Justo Sierra insistirá en que la universidad es una institución nueva, que no se trata de la reapertura de la antigua universidad colonial. La nueva universidad tiene raíces pero no tiene árbol genealógico. Una universidad que nace sin historia. Lo subraya porque quiere enfatizar la novedad de su idea pedagógica. La vieja institución era una institución parlante. Hablaba, recitaba, memorizaba hasta convertir en "flores de trapo" las doctrinas de los grandes pensadores católicos. Sus profesores, insiste Sierra, podían pasar toda la vida discutiendo con el único propósito de evitar el nacimiento de una idea. Un camino negado a la creación: "una telaraña verbal hecha de la misma sustancia del verbo". La nueva universidad no padecería esa asfixia: la oxigenaría el experimento, el debate, la comprobación.

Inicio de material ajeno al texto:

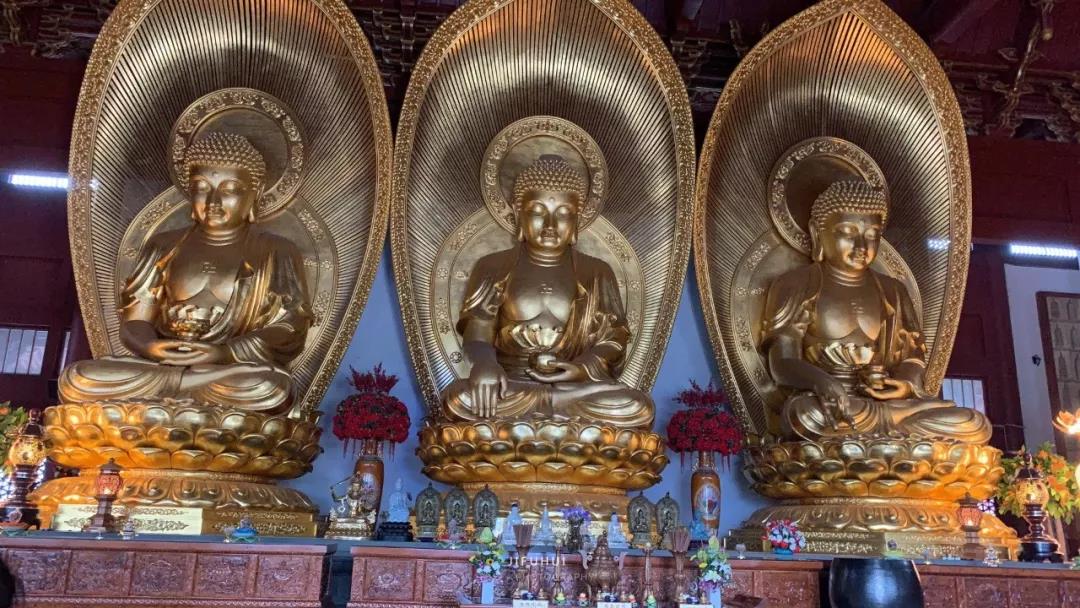 ����������ÿ���¿�ʼ���飬���Բ���أ�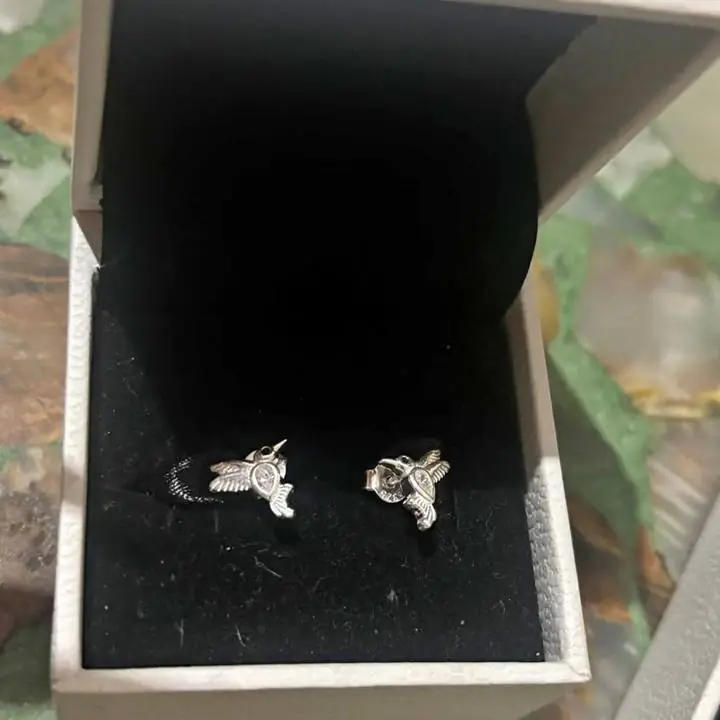 Aros de plata 925 sellados Pandora ! Súper promo los dos pares por 199,999$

Un párrafo de ese discurso se ha citado mil veces pero sigue mereciendo las comillas. Es la estampa que describe el sentido de esa comunidad de cultura que debe ser una universidad: "Me la imagino así: un grupo de estudiantes de todas las edades sumadas en una sola, la edad de la plena aptitud intelectual, formando una personalidad real a fuerza de solidaridad y de conciencia de su misión, y que, recurriendo a toda fuente de cultura, brote de donde brotare, con tal que la linfa sea pura y diáfana, se propusiera adquirir los medios de nacionalizar la ciencia, de mexicanizar el saber". No era, desde luego, una invitación a la cerrazón nacionalista: era el convencimiento de que la universidad debía vincular su razón con la acción. La universidad no podía establecer aduanas para el pensamiento. Pero era, sobre todo, la convicción que la institución debía guiar intelectual y moralmente al país. Lo dice Sierra con su elocuencia suntuosa: "La Universidad está encargada de la educación nacional en sus medios superiores e ideales; es la cima en que brota la fuente, clara como el cristal de la fuente horaciana, que baja a regar las plantas germinadas en el terruño nacional y sube en el ánima del pueblo por alta que éste la tenga puesta".
En el bosquejo de la institución había obvias intenciones hegemónicas. Sierra usaba el singular para referirse a la nueva institución. El singular se sigue usando para denominar a la universidad, como si no existieran otras. Es la arrogancia de la hegemonía: un instituto que ve su historia como resumen de la historia patria, que se asume como conciencia moral de la nación y que da trato de villano a cualquiera de sus críticos. Esa megalomanía que tan certeramente describió Gabriel Zaid. Qué bien le hubiera sentado a la UNAM, en su centenario, un asomo de autocrítica y menos cachunes.
No puede decirse que la misión de Justo Sierra esté cumplida, como ha presumido José Narro. A decir verdad, la universidad como comunidad académica sigue siendo un proyecto. Academizar la universidad, pedía José Sarukhán. Después de la porra, es indispensable retomar esa tarea.